Per far tacere il padrone, poco propenso ad attirare le attenzioni dell’autorità, visto che  lì dentro ospitava praticamente i briganti di mezza Sicilia, oltre a fare il nome dell’Umbro, che in parte lo intimorì, dovemmo pagare il doppio.

Il giorno dopo ci mettemmo alla ricerca di informazioni per trovare la bottega di Diecibraccia. Era un’impresa difficile, perché se le gesta di questo artista della microreficeria erano sulla bocca di tutti, non altrettanto si poteva dire della sua collocazione. Sapevamo però che a Palermo se vuoi avere qualcosa devi pagarla, e c’era solo un posto dove si poteva comprare di tutto, da un agnello sgozzato o vivo a un polmone meccanico per respirare sotto l’acqua, e alle informazioni, ovviamente. Questo posto era la vucciria.
Ci infilammo nel caos del mercato disperdendoci. Io andavo a tentativi avvicinandomi i soggetti più loschi. McCallaghan e Toni andavano insieme perché, da quando Toni aveva avuto quel brutto cortocircuito, si compensavano a vicenda. Ma il più indicato per la ricerca era Remo, che con il suo occhio di rubino si diceva potesse vedere nell’anima della gente. In effetti fu il primo a trovare una traccia. Mentre tiravo via Toni da una mischia che McCallaghan aveva scatenato, prima che gli andasse in loop il sensore per l’estrazione rapida e facesse una strage, come era già successo con quei dieci viandanti sulla strada per Catania, Remo si avvicinò e, gesticolando, ci richiamò tutti all’ordine. Aveva trovato una pista.

Seguimmo questo poco raccomandabile macellaio che parlava solo di polpette e aveva un grembiule bianco tutto macchiato di sangue, una copertura eccellente. Gli stavamo dietro e lui ci faceva percorrere delle vie che neanche immaginavamo potessero esistere, delle vie che forse dopo il nostro passaggio neanche sarebbero esistite più. E alla fine questo grasso grosso palermitano mannaia-munito si fermò e ci indicò un grosso portone di legno massiccio incastonato in un’arcata di pietra con una sfera, al posto dei soliti simboli araldici sulla testa, una sfera di vetro che sembrava l’occhio di un gigante.
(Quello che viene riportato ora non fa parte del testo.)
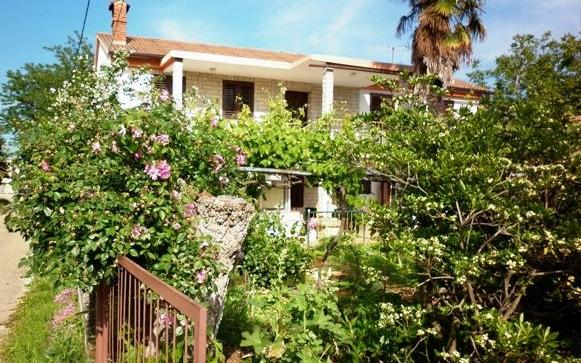 Apartmani Linda – Accommodation Umag Kroatië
La porta si aprì nel momento in cui ci avvicinammo. Ci girammo indietro ma il macellaio era sparito. Dopo un lungo corridoio buio varcammo un’ulteriore porta e allora lo vedemmo: appeso sul soffitto grazie a due dei suoi dieci o cento arti meccanici. Erano tantissimi, e terminavano in minuscoli cacciavitini, forbicine, martellini, lenti di ingrandimento, piccole fiamme ossidriche con cui Diecibraccia modellava una sfera minuscola d’oro posata su un piedistallo cilindrico sottilissimo che arrivava fin quasi all’alto soffitto, dove era lui. Tutto attorno fluttuavano sfere di ogni sorta, come per magia, e per un attimo io ebbi l’impressione che lì si stava costruendo un nuovo mondo, un mondo come il nostro ma migliore.
Poi persi i sensi e caddi, l’ultima cosa che vidi furono McCallaghan, Toni e Remo che perdevano i sensi con me. Tutto come previsto, era una trappola.